Objectification and the Singer: When a Voice Becomes a Thing
Let’s talk about objectification.
It’s a big word. A loaded one. And honestly, it’s not something most singers are taught to think about—but it shows up in subtle, everyday ways. In how we talk about voices. In how singers are treated. In the ways we, as artists, start to treat ourselves.

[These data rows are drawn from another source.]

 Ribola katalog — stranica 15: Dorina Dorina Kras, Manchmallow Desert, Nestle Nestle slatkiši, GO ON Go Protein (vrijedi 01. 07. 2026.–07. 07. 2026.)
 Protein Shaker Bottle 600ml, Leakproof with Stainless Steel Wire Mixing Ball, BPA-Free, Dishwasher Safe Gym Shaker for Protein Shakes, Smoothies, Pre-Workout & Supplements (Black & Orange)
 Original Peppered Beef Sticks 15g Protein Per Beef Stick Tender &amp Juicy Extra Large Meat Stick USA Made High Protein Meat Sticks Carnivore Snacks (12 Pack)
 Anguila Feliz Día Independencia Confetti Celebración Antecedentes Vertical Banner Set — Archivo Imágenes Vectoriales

At its core, objectification means turning a person into a thing. A tool. A product. Something that exists for someone else’s use or judgment. The Oxford Dictionary defines it as “the demotion or degrading of a person… to the status of mere object.” Philosopher Martha Nussbaum breaks this down into seven dimensions—none of them kind. A person might be treated as lacking autonomy, as interchangeable, as breakable, or as undeserving of inner life or feelings.
Sound familiar?
If you’re a singer, chances are you’ve felt at least a whisper of this. Maybe when someone critiques your voice like a faulty product. Or when you’re cast—or passed over—based on a snap judgment about how you “sound like” someone else. Or when your artistry is reduced to technique, as if you’re a vocal machine. These are moments where something deeply human—your voice, your self—is treated like an object.
And it’s not always obvious. Philosopher John Rector describes a spectrum of objectification—from subtle indifference to full-blown dehumanisation. Even something that seems harmless—like calling the voice an “instrument”—can shift the way we’re seen and how we see ourselves. If the voice is just a tool, then where do you go in that equation?
The Voice as Subject and Object
Of course, singing is strange and wonderful in that it’s both deeply embodied and heard from the outside. It’s physical, emotional, aesthetic, spiritual. It lives in your body, but it reaches into someone else’s ears and heart. It’s you—and not you.
This duality means the voice is always in tension: subject and object. We feel it. Others judge it. And sometimes, in that space between feeling and judgment, something painful creeps in.
Shame.
Psychologist Francis Broucek writes that being treated as an object—not seen, not felt, not honoured—can lead to shame. It’s that hot flush of self-awareness, the sense of being exposed or not enough. For singers, this can show up when our voices are picked apart, when our sound is treated like a commodity, or when we feel we have to contort ourselves to be palatable.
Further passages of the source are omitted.